"I Can't Live Without My Radio" is the lead single from LL Cool J's debut album, Radio. It was released in 1985 for Def Jam Recordings and was both written and produced by LL Cool J and Rick Rubin. It is a love song to the boombox. The song found modest success, making it to #15 on the Hot R&B/Hip-Hop Singles & Tracks. "I Can't Live Without My Radio" was released with the follow-up single "I Can Give You More". It is the first Def Jam single distributed through Columbia Records.

A section of the song performed by LL Cool J is featured during the auditions process in the 1985 pioneering hip hop movie Krush Groove. This part was created for LL Cool J and another female singer, Nayobe, as an excuse to include their music in the motion picture.
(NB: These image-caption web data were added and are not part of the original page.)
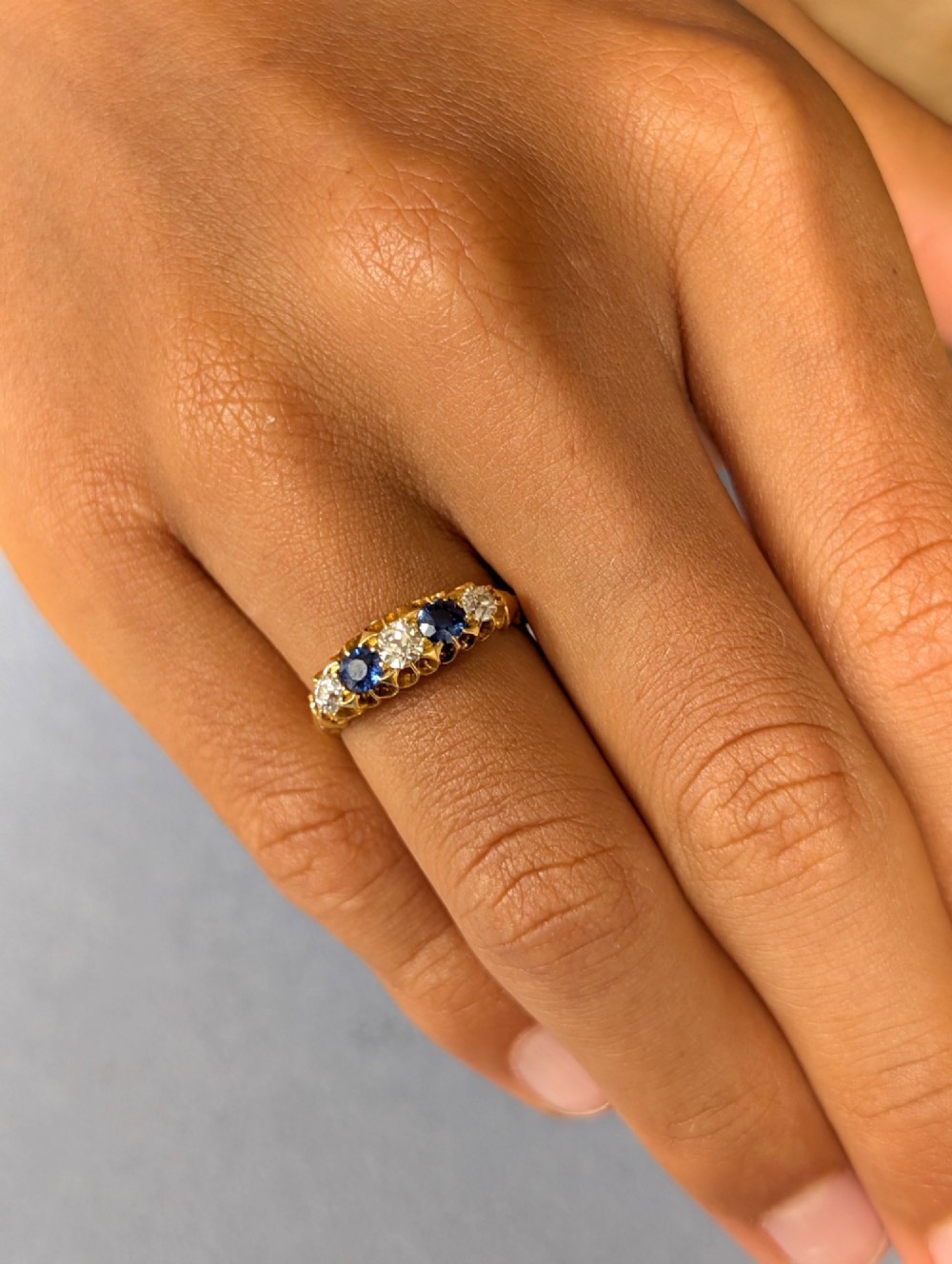 An Edwardian 18ct yellow gold five-stone ring featuring alternating blue sapphires and old cut diamonds set within a carved scroll head. View VI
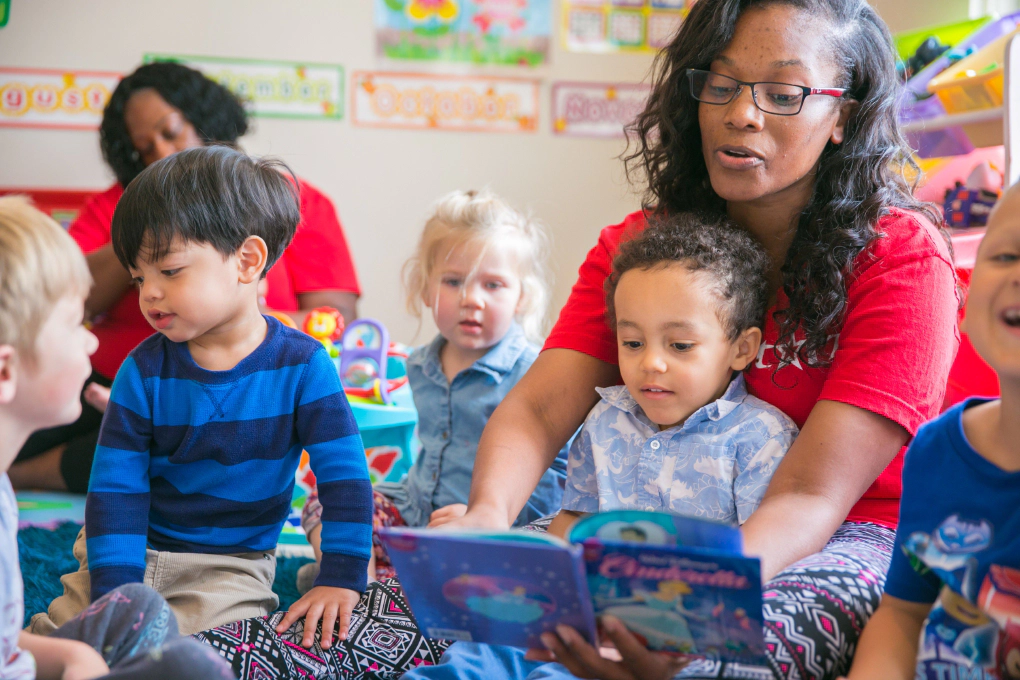 Daycare provider reading to children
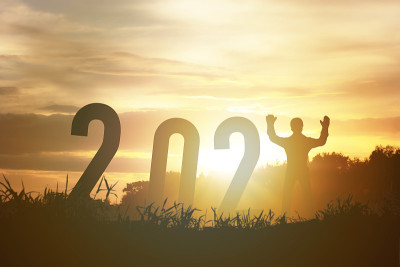 2021年新年快乐剪影概念人站在数字和美丽的橙色天空变化到2021年。
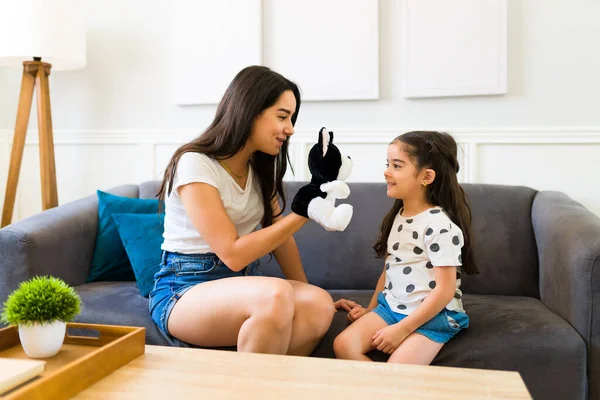 어머니가 인형을 이용하여 재미있는 놀이를 소파에 딸에게 이야기를 들려주는 — 스톡 사진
LL Cool J himself also has a line, "Box!" (his only line in the movie).

The song was featured in the film Get Rich or Die Tryin', which stars rapper 50 Cent, and was also featured in the soundtrack of the video game True Crime: New York City.

It is number 12 on VH1's 100 Greatest Songs of Hip Hop.

The line from the song "And your Radio's Def when my Record's on" is featured in the chorus of the Eazy-E song "Radio", featured on his debut album, Eazy-Duz-It.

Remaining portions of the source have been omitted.